Professor Les Gasser, from the Graduate School of Library and Information Science (GSLIS) at the University of Illinois, has been awarded a $100,000 grant to organize an invitational workshop, focusing on areas covered by the National Science Foundation's Virtual Organizations as Sociotechnical Systems (VOSS) program—part of NSF's Office of CyberInfrastructure.

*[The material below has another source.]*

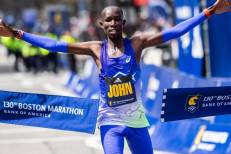 Athlétisme : les Kényans Korir et Lokedi remportent le marathon de Boston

Much twenty-first century science and engineering work is done by distributed teams that share infrastructure, instruments, data, results, and work processes. Demands are increasing for both basic theory and critical technologies that support effective and efficient multi-disciplinary, collaborative teams and virtual organizations. The workshop, to be held in Winter 2012 in Southern California, is titled "Emerging Results, Critical Research Directions, and Grand Challenges for VOSS." The workshop will develop a picture of the state of the art in understanding of the sociotechnical processes that underpin virtual organizations. It will consolidate emerging knowledge and identify promising new research directions, including those that might be hold future promise but not yet be topical or generally recognized.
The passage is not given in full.